[Source information Boundary: Start]

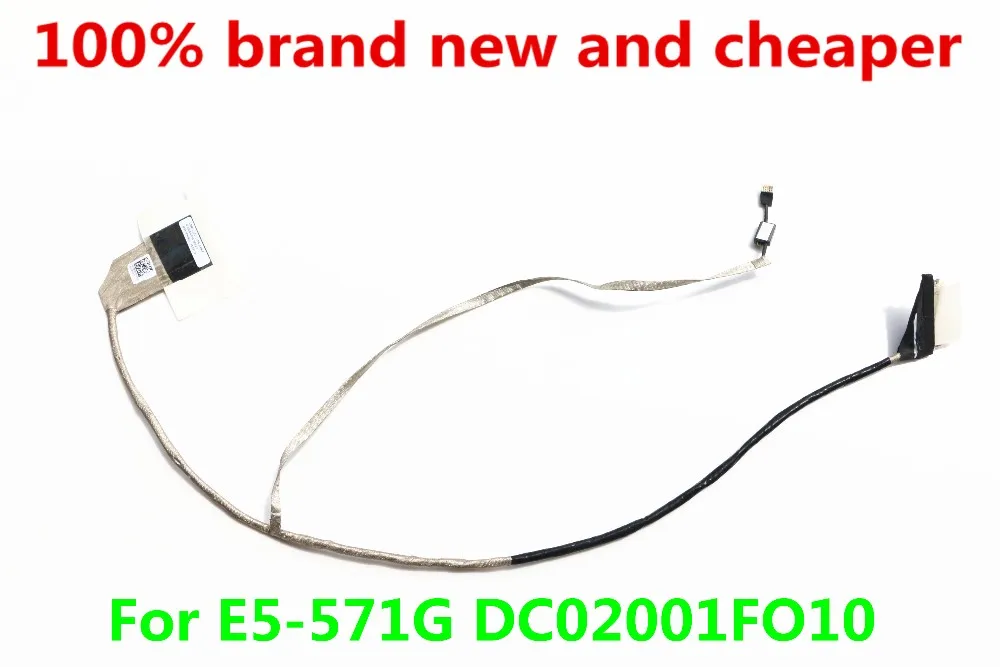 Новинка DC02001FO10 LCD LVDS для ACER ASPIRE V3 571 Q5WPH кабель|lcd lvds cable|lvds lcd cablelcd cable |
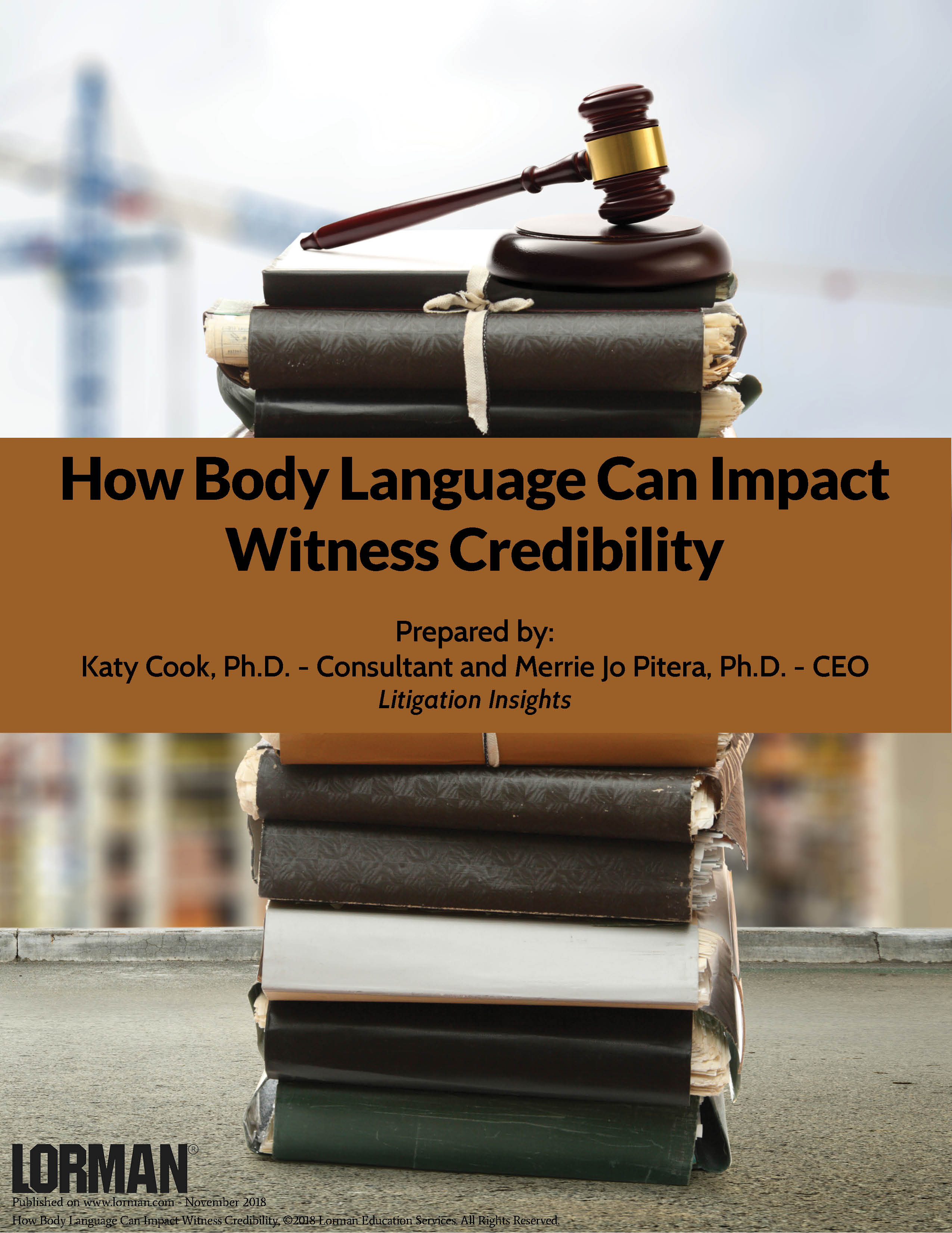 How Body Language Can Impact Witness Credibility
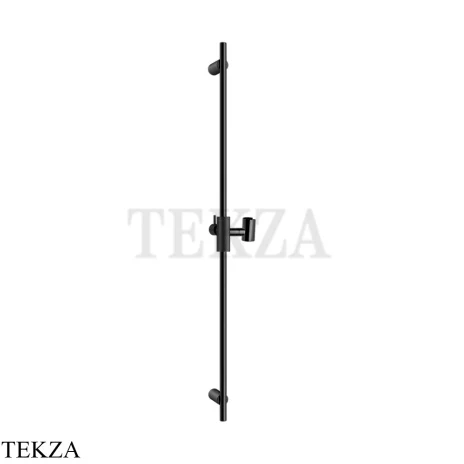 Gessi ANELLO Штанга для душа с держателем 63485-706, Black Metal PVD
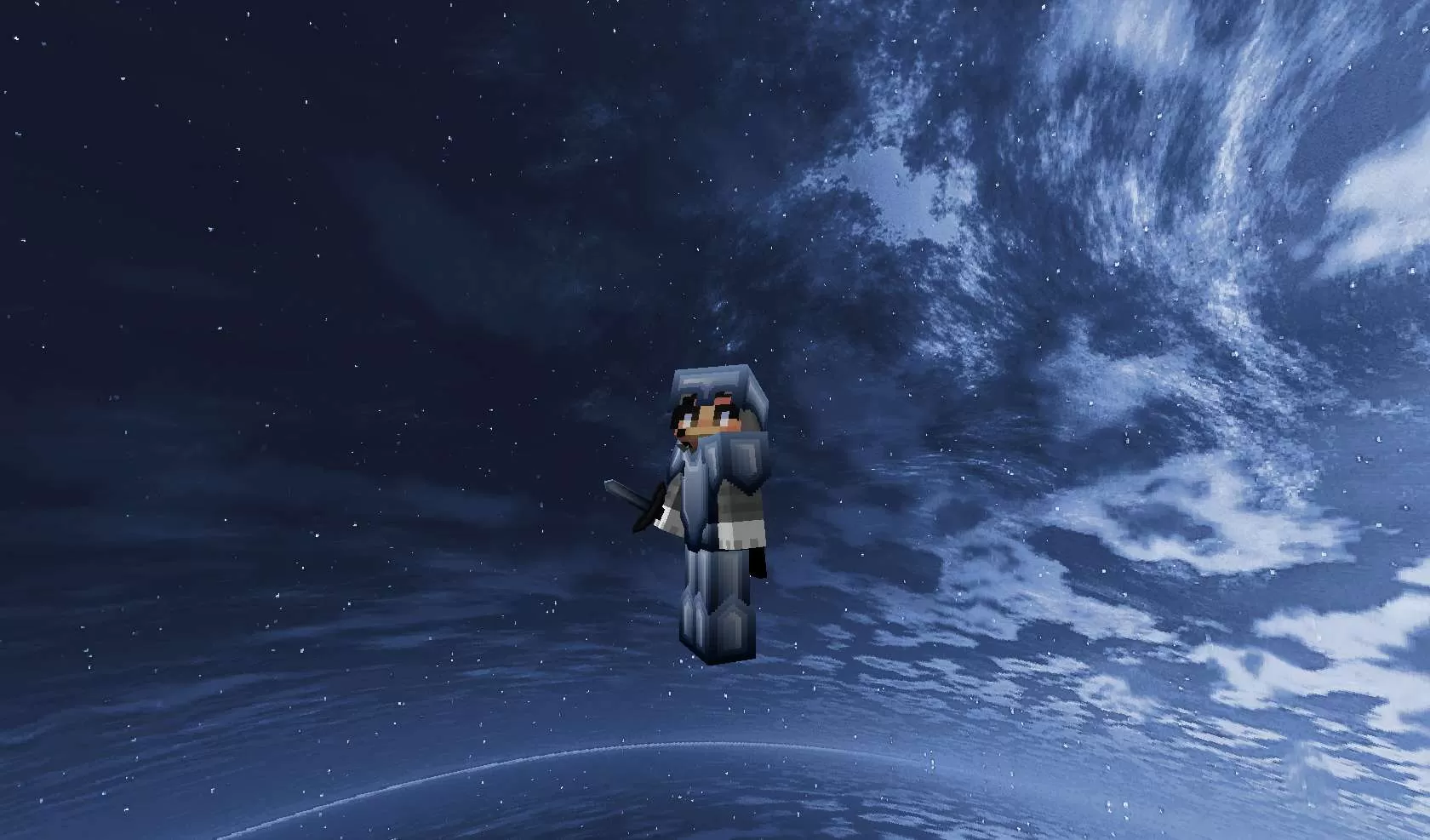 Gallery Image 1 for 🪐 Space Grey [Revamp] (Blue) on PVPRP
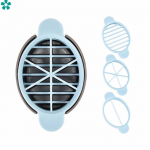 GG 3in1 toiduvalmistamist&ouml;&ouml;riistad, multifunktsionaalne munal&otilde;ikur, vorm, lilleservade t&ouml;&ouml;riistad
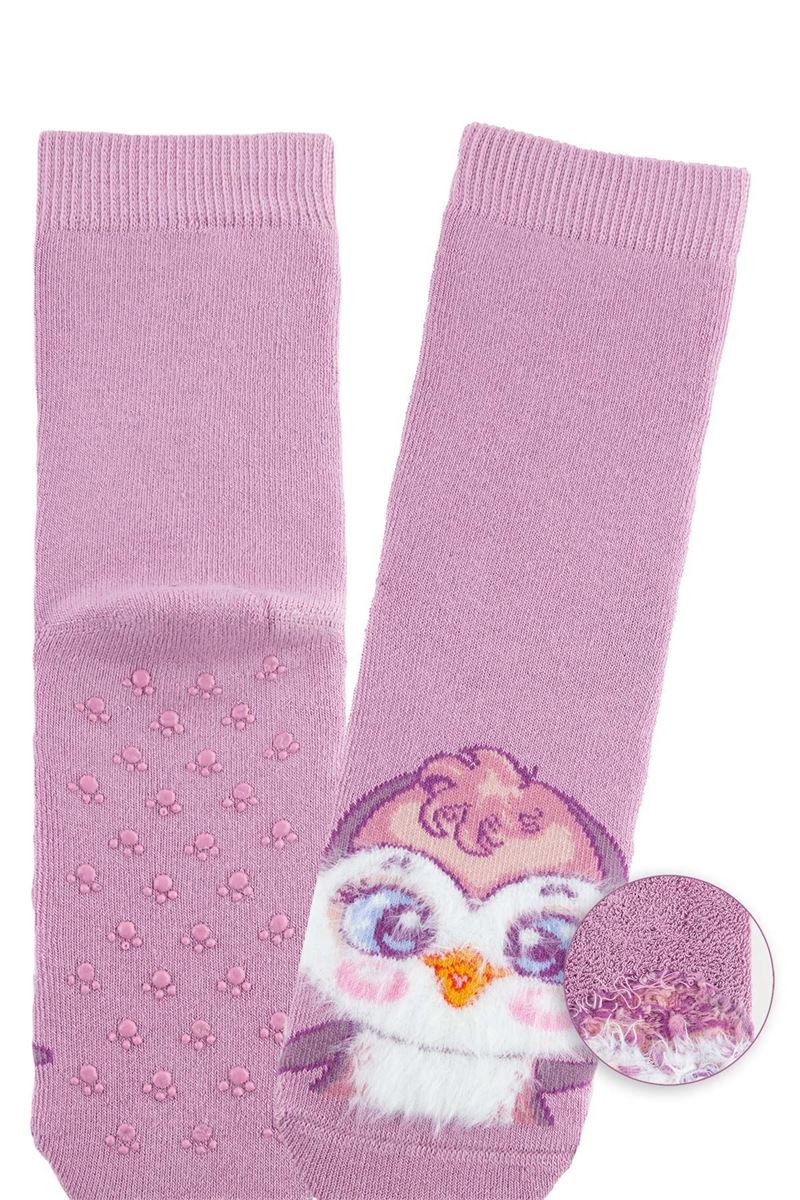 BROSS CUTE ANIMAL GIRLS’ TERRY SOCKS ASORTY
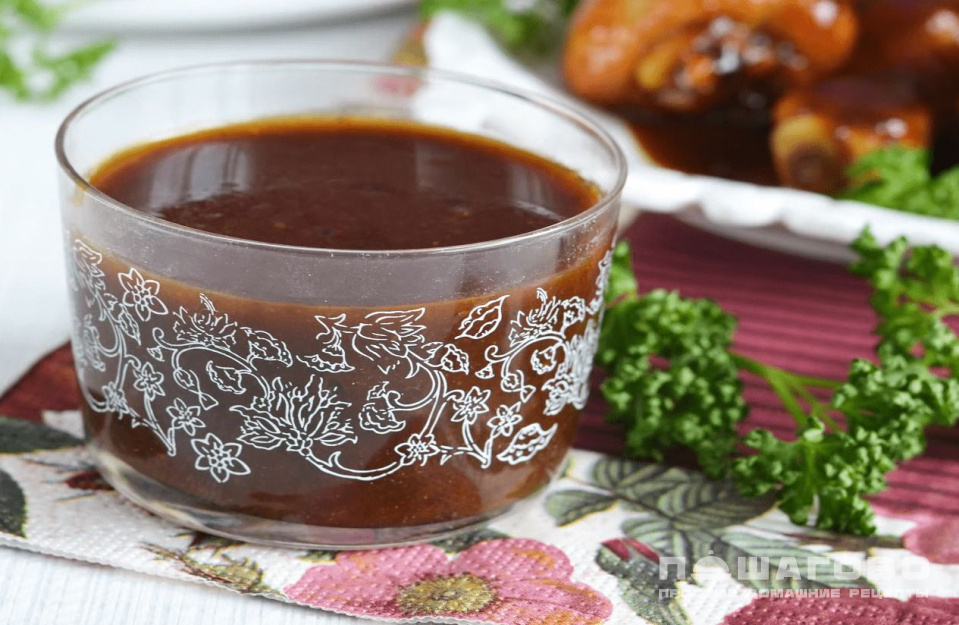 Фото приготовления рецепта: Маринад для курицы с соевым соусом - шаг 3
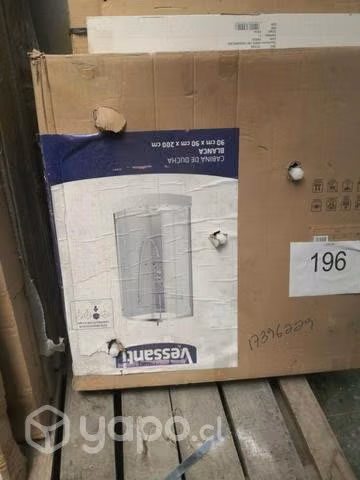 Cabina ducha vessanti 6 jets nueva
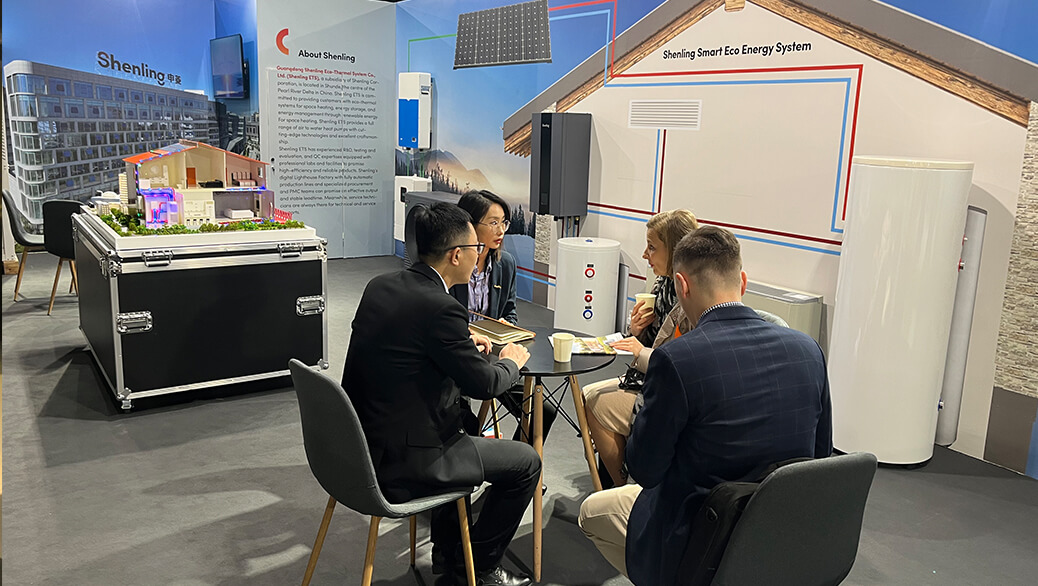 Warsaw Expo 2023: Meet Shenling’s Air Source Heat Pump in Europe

[Source information Boundary: End]

Task item:
From the first line to the last, output the records exactly without pictures.

Output of the exercise:
 Новинка DC02001FO10 LCD LVDS для ACER ASPIRE V3 571 Q5WPH кабель|lcd lvds cable|lvds lcd cablelcd cable |
 How Body Language Can Impact Witness Credibility
 Gessi ANELLO Штанга для душа с держателем 63485-706, Black Metal PVD
 Gallery Image 1 for 🪐 Space Grey [Revamp] (Blue) on PVPRP
 GG 3in1 toiduvalmistamist&ouml;&ouml;riistad, multifunktsionaalne munal&otilde;ikur, vorm, lilleservade t&ouml;&ouml;riistad
 BROSS CUTE ANIMAL GIRLS’ TERRY SOCKS ASORTY
 Фото приготовления рецепта: Маринад для курицы с соевым соусом - шаг 3
 Cabina ducha vessanti 6 jets nueva
 Warsaw Expo 2023: Meet Shenling’s Air Source Heat Pump in Europe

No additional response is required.